Years ago Verbatim made a selling point of marketing fungus-resistant floppies in tropical countries where humidity is high, and fungal growth has cause the death of many a disk. (I remember one article saying that for 5.25″ floppies, carefully cut open the jacket, slip out the disk, wash gently with a none-abrasive solution, air dry, then insert back into the jacket, and then into the drive to backup the contents onto another floppy.) Those Memorex and Imation-branded floppies are very much on sale here in the Philippines, and I still buy them! So many utilities (PartitionMagic, memtest86+, NTFSDOS etc.) can be installed on bootable floppies, and unlike many USB drives they can be write-protected. BIOSes today still support booting from them.
It’s not just in PCs that floppies still have a use. Yahama made keyboards with floppy drives that read FAT floppies. That’s one reason why I still buy them: our church organ can play MIDI files off floppies.
Great, so now, to transfer a single document/file/app from one system to another, I have to waste a 700 MB CD-R, instead of a 1 MB floppy? Or grab an 8 GB USB key?
What about the needs of those with just a little data to transfer? Think about them.
🙂
> What about the needs of those with just a little data to transfer? Think about them.
Pen and paper? Or if you need erasable then pencil and paper.
In case you’re wondering – I prefer the term ‘diskette’ for the 3.5″ variants, and reserve the term ‘floppy’ for the 5.25″ and 8″ variants, for obvious reasons.
The term floppy refers to the disc inside the plastic shielding. Also hence the term “disc”.
I think it’s a shame, in some ways. XP installs require a floppy disc for adding raid drivers which is just easier than slipstreaming drivers into the install image.
Firmware upgrades, too. It just seems wasteful to use an entire CD for this.
On the other hand, of course, it’s rare to find a PC with a floppy drive anymore. I don’t think cases even have a slot for them. So unless you come armed with a USB floppy drive, a CD is always the best safest bet anyway.
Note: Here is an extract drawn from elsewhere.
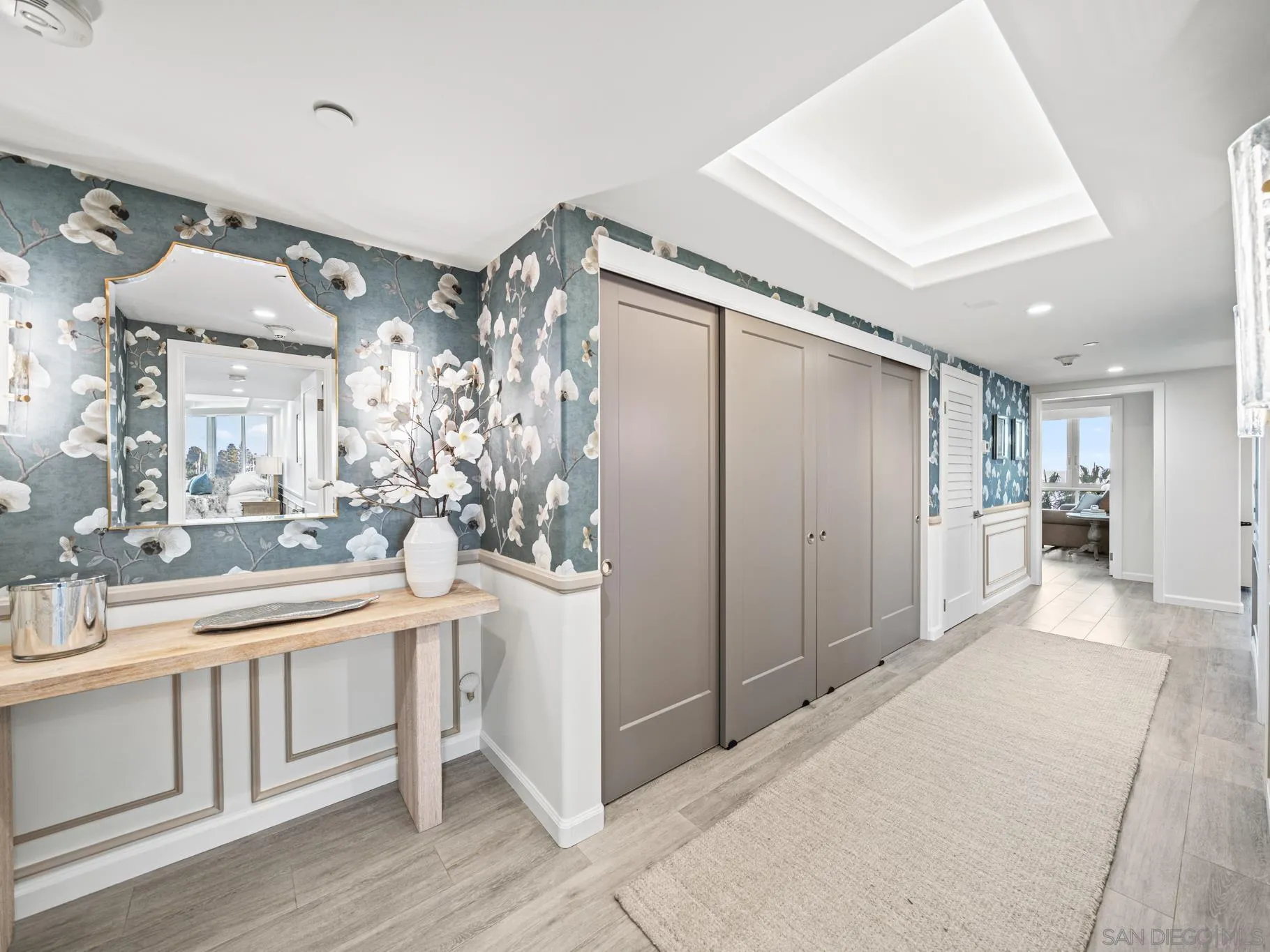 https://cdn.realtyfeed.com/cdn/127/250039397/bc71a65d07cc6fb7d942bc06f5dd1d3e.webp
XP just needs to die. It’s worn out its welcome. As for slipstreaming, sometimes that’s actually more productive if you’ve got a lot of installs to do on identical hardware but for whatever reason can’t use a drive imaging solution.
Why use a CD at all? Firmware upgrades could be read off of an SD card or USB stick, some BIOS actually do support this such as those in the MSI line of Netbooks.
Nah, most PCs still have one external 3.5 bay. Typically it’s filled with a card reader on modern desktop systems instead of a floppy drive, but most desktop tower-style cases still have a slot for them and all motherboards I’ve seen still have that floppy drive controller and port. Smaller desktops though, like Nettops, don’t. And, even if you’re armed with a USB floppy drive, there’s no guarantee that the BIOS will be able to boot from it if need be, or that the os on the floppy will handle it correctly. USB floppy drives use the mass-storage protocol, so behave more like a hard drive than a traditional diskette drive. Some older operating systems like MS-DOS can’t handle that and won’t boot properly unless the BIOS provides USB floppy emulation.